İstersen bin var hacca...
“Kâbe imamı” olduğu söylenen Sudeysî nam zatla ilgili daha önce yazmıştık (Kâbe imamının arkasında namaz kılmak caiz mi? 20.9.2017). Milletin umresini, hatta haccını ifsad eden bu “imam”ın ifsadatı şiddeti artarak devam ediyor. Hâl böyle iken bu şartlarda haccın ve umrenin sıhhatini konuşan kimse çıkmıyor.
Tamam hac farz, İslâmın şartlarından… Fakat bu şartlarda, bu imamın arkasında namaz kılmak caiz mi? Bu hususta İslâm dünyasının ulemasının bir görüş hatta tavır ortaya koyması lâzım. Hiçbir ülkede bu yönde bir çalışma yoksa, Türkiye’de başlanması elzem.
Kendi fikrimi açıklayayım: Böyle bir imam Türkiye’de olsa ve ifsadatı böylesine zahir olsa idi, bu imam nerede namaz kıldırıyorsa, onun arkasında asla namaz kılmazdım!
Ne din âlimiyim ne de fakih, fakat bir Müslüman olarak doğru bildiğimin peşinde olma hakkım, hata mecburiyetim var. Bu akıl insana boşuna mı verildi? Muhakeme kabiliyetini harekete geçirmek, seçmek, tercih etmek elimde. Kimse bana “ille de bu imamın arkasında namaz kılacaksın” diyemez.

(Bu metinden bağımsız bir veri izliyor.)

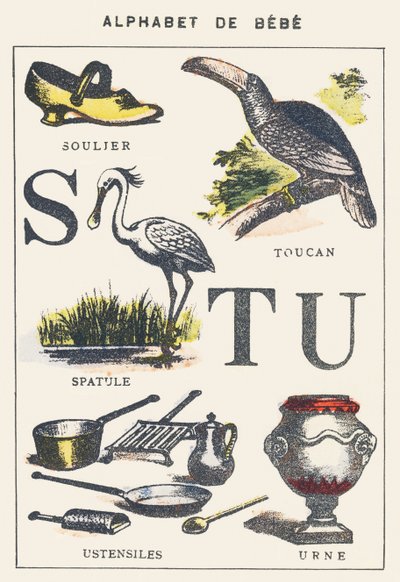 S T U: Schoen, Spatel, Toekan, Gereedschap, Urn door Unknown artist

Türkiye’nin en büyük camiinde namaz kıldıran imamın arkasında ne kadar cemaat cem olabilir?
Azami on bin…
Hac zamanında yüzbinler Mescid-i Haram’da namaza duruyor… O zaman işin ciddiyeti daha da artıyor.
Kur’an-ı Kerim’i güzel okumak elbette önemli. Bu kadar mı? Anlamak da mühim, hatta daha da mühim. Kur’an bizim hayatımızı tanzim eden bir kitapsa, onun anlaşılması her şeyden önemli. Diyeceksiniz ki, adam Arap, Arapçayı da iyi biliyor, Kur’an’ı da anlıyordur elbette…
Bu adamın konuşmalarını dinledikten sonra şunu söyleyebilirim: Bu zat Kur’an’ı zerre miskal anlamıyor! Yahut da anlamak istemiyor! Bu adam bizi Kur’an’a, Hz. Peygamber’e davet etmiyor, zamanının bir devletlusunu aklamak için Kur’an’ı âlet ediyor. Bizi Kur’an’ın hakikatlerine çağıracağına devrinin bir prensine biate, en azından inanmaya davet ediyor.
Böylece ne yapmış oluyor?
Amerika’nın bütün İslâm dünyasını mutazarrır eden uygulamalarını hoş göstermek istiyor.
İsrail’le Suudilerin kirli ilişkilerini olağanlaştırmak istiyor.
Bu prensin talimatıyla işlenme şüphesi olan bir siyasî cinayeti temize çıkarmaya çalıyor.
“Diyanet bir anlamda siyasi bir kurum. Bu konulara giremez, Suud’la ilişkilerimiz bozulur” denilebilir. Buna da katılmıyorum. Bizim fert olarak şimdiki önceliğimiz Suud’la ilişkiler değil, bir ibadetimizin sıhhati. Suudla ilişkiler devlet işi, biz bundan sorumlu tutulamayız.
***
Peki Diyanet öyle, yani devlete bağlı bir kurum. Memlekette yüzden fazla ilahiyat fakültesi varmış. Bu fakültelerde binlerce tefsirci, kelamcı, hadisçi… öğretim üyesi var. Bunlar toplu değilse bile münferiden görüşlerini neden açıklamıyorlar?
Bizim sıradan Müslüman olarak çektiğimiz sancıyı neden onlar çekmiyorlar?
Bu nasıl bir vurdumduymazlık?
Hatta bunu yapmayıp öğrencilerini umreye teşvik ederek bedavadan bir Mekke Medine gezisini tercih edenler var.
Hac farz, düşünmek de!
Umreye veya hacca giderken gerçekten Kâbe’ye mi gidiyoruz? Mekke Mekke olmaktan çıkmış, bir Amerikan şehrine benzetilmiş. Kâbe dışında değişmeyen hiçbir şey yok. Kapitalizmin zincirleme otellerinin reklamları gözleri kamaştırıyor. Kabe’yi Haremin içine girmeden göremiyoruz, ama Zemzem Tower’ı bilmem kaç kilometre öteden görüyoruz. Tabiat yok edilmiş, dağ, vadi kalmamış. Bütün bunlar yapanlar Kabe imamlarının zihin genleriyle de oynamış olmasınlar?